Web page caption snippets
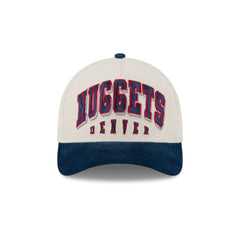 Denver Nuggets Stacked Corduroy 9FORTY M-Crown A-Frame Snapback Hat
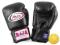 RĘKAWICE BOKSERSKIE RAJA RBGV-1 SKÓRA CZARNE 10oz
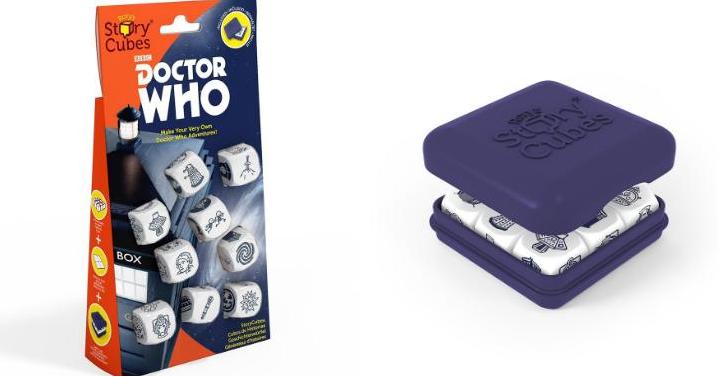 Creativity Hub Rory’s Store Cubes: Doctor Who Dice Game Set – Only $6.99!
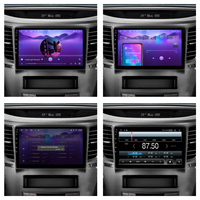 Penhui pemutar DVD mobil Android, untuk Subaru Outback 4 BR Legacy 5 2009 - 2014 Radio navigasi GPS Audio Video CarPlay DSP Multim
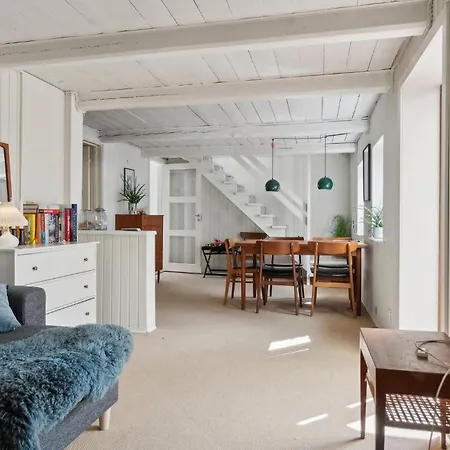 Lovely In With Sauna 別荘 Thyholm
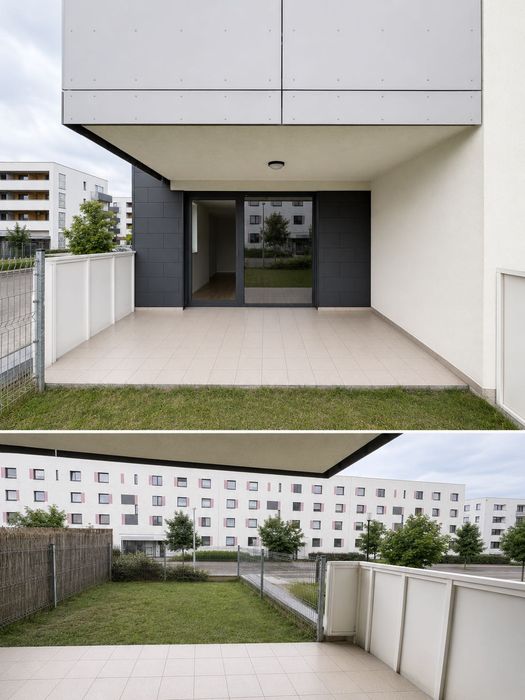 mieszkanie z ogródkiem i dużym tarasem | 59,12 m² | Parter | Rok budowy 2020 - Widok 2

_YOUR ASSIGNMENT:_ Reproduce verbatim every line starting at the line that holds "Creativity Hub Rory’s" and ending with the final line of the data; omit the pictures.

_SOLUTION TO THIS PROBLEM:_
 Creativity Hub Rory’s Store Cubes: Doctor Who Dice Game Set – Only $6.99!
 Penhui pemutar DVD mobil Android, untuk Subaru Outback 4 BR Legacy 5 2009 - 2014 Radio navigasi GPS Audio Video CarPlay DSP Multim
 Lovely In With Sauna 別荘 Thyholm
 mieszkanie z ogródkiem i dużym tarasem | 59,12 m² | Parter | Rok budowy 2020 - Widok 2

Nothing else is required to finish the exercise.